Note: In this case study, you’ll see how one of our rock-star clients (Dr. Ben) launched his e-commerce business from scratch and grew it into the multi-million dollar business it is today. You’ll see how he started from the bottom (with some rice cakes) and quickly clawed his way to the top, build a business with over $1,000,000 in projected annual sales in his first year in business. Ben started working with us about one year ago, and since then has never ceased to amaze the StartupBros team. I could go on all day about this guy, so I will just let you read his case study below 🙂
This is the story of how I took my side business from $0 to over $600,000 in 365 days, while working 60 hours a week in my day job.
And it all started with $2,200 in rice cakes…
Who Am I?
My name is Ben. My StartupBros friends call me ‘Dr. Ben’, because I’m a practicing resident physician. I’m never really sure if people understand what that means, so I always describe it as “a lot like the TV show Grey’s Anatomy, but with less sex.”
We work too much, get paid too little, and are trapped by student debt. Sound familiar?
My $1,000,000 Business
So one year ago, on February 2, 2015, I started a side business with $360 of spare cash.
Since then, we’ve grossed over $600,000. If you extrapolate our current monthly sales volume of $90k (without factoring in growth), that puts us just over the $1 Million mark for the next 12 months.

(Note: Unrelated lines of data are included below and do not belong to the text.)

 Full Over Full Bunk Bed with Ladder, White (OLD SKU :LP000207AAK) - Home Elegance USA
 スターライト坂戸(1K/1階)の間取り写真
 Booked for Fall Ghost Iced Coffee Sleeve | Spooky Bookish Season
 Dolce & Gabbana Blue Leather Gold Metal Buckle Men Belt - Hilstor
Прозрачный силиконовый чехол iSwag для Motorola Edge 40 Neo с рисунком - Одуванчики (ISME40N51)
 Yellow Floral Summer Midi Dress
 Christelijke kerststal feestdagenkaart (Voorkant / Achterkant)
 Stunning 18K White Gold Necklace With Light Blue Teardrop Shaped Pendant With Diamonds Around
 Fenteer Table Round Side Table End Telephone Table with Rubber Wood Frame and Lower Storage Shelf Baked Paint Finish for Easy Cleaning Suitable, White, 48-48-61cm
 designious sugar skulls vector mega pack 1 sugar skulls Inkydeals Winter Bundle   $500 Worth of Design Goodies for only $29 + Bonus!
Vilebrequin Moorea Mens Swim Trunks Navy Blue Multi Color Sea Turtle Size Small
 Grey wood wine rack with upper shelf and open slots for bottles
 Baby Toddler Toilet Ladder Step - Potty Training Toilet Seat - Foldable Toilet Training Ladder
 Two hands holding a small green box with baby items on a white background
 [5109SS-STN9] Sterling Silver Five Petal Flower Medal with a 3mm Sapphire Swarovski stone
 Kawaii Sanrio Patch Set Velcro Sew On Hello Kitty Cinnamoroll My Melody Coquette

Is that cheating? I don’t think so…
We’re going to destroy that projection.
Here’s How It Happened
Rewind to nearly two years ago, in March 2014.
I was driving home from a night shift in the hospital with a zombie stare on my face that would probably get me a guest spot on The Walking Dead.
There’s something satisfying about being a doctor, about “saving lives,” if that’s what I did that night. But honestly, the drudgery wears you down.
To keep from falling asleep on my drive home, I was listening to one of my favorite podcasts of all time, “The Smart Passive Income Podcast,” with Patt Flynn. Heard of it? I thought so…
In particular I was listening to Episode 99 with Jessica & Cliff Larrew that detailed how she and her family were making hundreds of thousands of dollars by buying things from big box stores like Walmart or Target and reselling them on Amazon. It’s a process that’s known as Retail Arbitrage.
By the time I finished the podcast, I was hooked on the idea of giving Retail Arbitrage a try. And because I’m addicted to taking action, I did it.
The Results of Taking Action
By the next day I had hit all three Walmarts, the Target, the Lowes, the Home Depot, the Big Lots, and the Sam’s Club. By the end of the week, I’d bought $389 worth of retail goods to send into Amazon.
That’s when I found the backbone of my retail arbitrage products: Quaker Popped Variety Packs. These suckers cost me $3.50 a bag at my local Walmart and sold for $15 on Amazon. That’s $7 profit!
There’s nobody even selling these things right now. If you see them on the shelf in your local Walmart, it’s like picking up $7 off the shelf every single time.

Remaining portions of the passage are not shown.